**What is required**
Take each line from the entries that holds "wall" and copy it out.

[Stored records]
★ ★ ★
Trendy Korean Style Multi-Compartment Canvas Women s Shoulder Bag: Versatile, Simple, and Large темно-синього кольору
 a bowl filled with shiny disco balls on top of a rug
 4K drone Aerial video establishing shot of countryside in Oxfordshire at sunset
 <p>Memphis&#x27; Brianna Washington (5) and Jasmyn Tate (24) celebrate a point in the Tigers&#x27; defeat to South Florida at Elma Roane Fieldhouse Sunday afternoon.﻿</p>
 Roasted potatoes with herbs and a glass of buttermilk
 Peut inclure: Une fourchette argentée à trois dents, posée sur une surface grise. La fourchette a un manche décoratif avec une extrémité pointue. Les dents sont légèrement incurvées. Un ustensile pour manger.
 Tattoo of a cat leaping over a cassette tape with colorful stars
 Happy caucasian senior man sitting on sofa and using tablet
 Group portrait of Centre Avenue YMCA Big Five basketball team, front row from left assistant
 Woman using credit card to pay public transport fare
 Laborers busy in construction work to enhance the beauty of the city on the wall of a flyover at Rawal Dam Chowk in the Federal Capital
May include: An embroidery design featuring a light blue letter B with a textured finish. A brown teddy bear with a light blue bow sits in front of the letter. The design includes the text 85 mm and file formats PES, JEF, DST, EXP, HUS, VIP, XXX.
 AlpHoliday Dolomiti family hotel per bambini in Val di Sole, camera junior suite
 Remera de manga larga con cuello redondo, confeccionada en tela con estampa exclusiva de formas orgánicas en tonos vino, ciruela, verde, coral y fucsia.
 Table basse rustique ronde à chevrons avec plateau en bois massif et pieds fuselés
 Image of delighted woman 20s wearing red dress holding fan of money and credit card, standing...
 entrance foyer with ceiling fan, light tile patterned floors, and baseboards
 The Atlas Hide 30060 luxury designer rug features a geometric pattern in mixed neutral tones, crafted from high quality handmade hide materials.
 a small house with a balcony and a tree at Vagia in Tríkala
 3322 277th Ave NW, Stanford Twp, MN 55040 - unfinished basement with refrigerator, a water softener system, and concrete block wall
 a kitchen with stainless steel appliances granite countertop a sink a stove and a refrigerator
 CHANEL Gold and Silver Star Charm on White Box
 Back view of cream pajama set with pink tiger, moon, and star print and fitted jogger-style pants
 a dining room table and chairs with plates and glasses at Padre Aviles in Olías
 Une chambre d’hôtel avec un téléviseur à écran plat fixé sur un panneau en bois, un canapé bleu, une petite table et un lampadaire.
★ ★ ★
**Worked solution**
 Laborers busy in construction work to enhance the beauty of the city on the wall of a flyover at Rawal Dam Chowk in the Federal Capital
 3322 277th Ave NW, Stanford Twp, MN 55040 - unfinished basement with refrigerator, a water softener system, and concrete block wall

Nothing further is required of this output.